Leave out the pictures and print the records below exactly.

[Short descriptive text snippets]
- - - - - - -
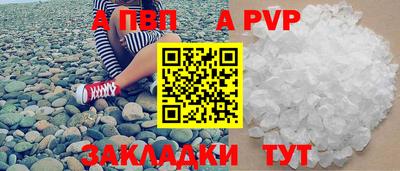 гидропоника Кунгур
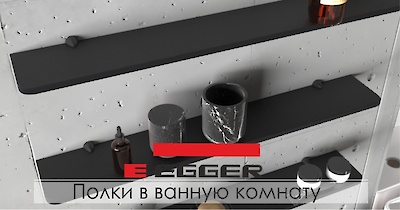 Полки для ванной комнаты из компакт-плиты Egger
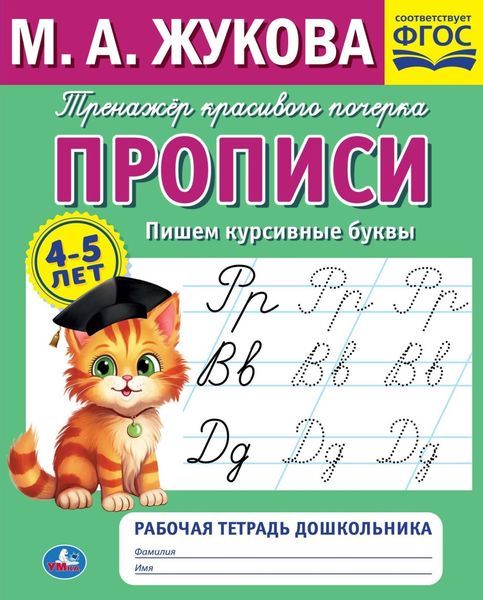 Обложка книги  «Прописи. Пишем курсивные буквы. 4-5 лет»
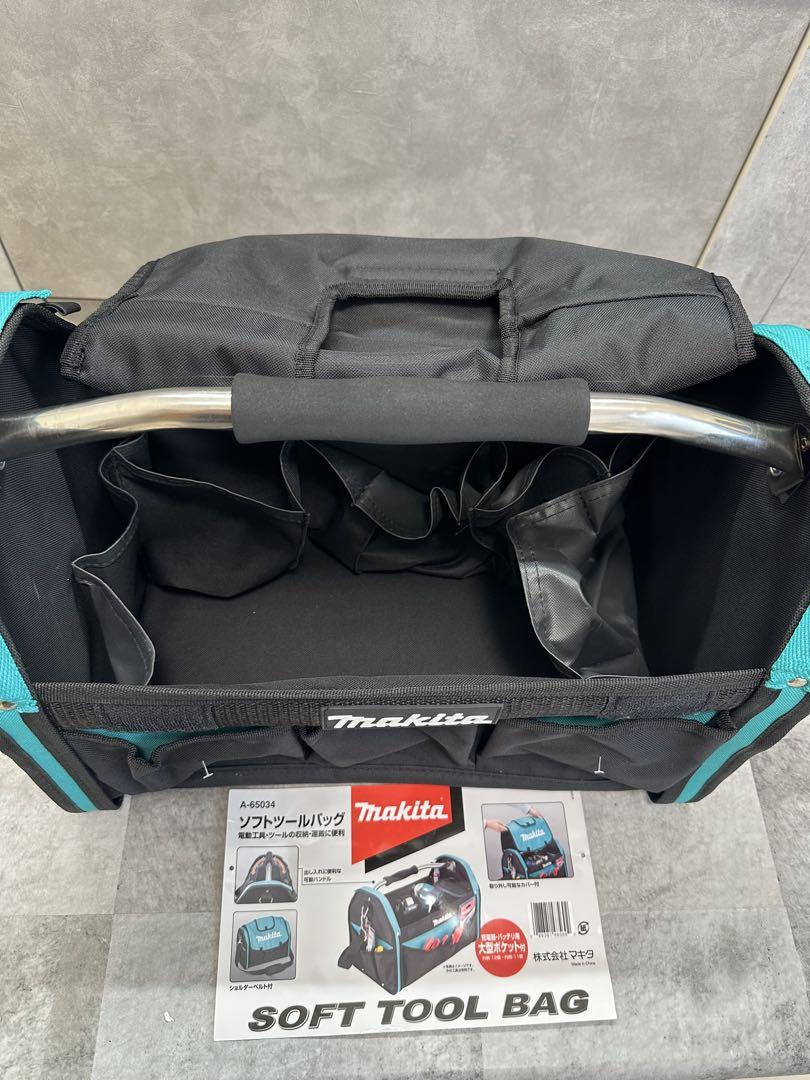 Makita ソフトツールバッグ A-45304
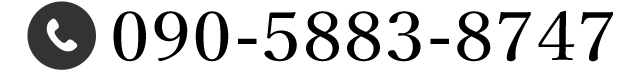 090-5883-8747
- - - - - - -
Completed task »
 гидропоника Кунгур
 Полки для ванной комнаты из компакт-плиты Egger
 Обложка книги  «Прописи. Пишем курсивные буквы. 4-5 лет»
 Makita ソフトツールバッグ A-45304
 090-5883-8747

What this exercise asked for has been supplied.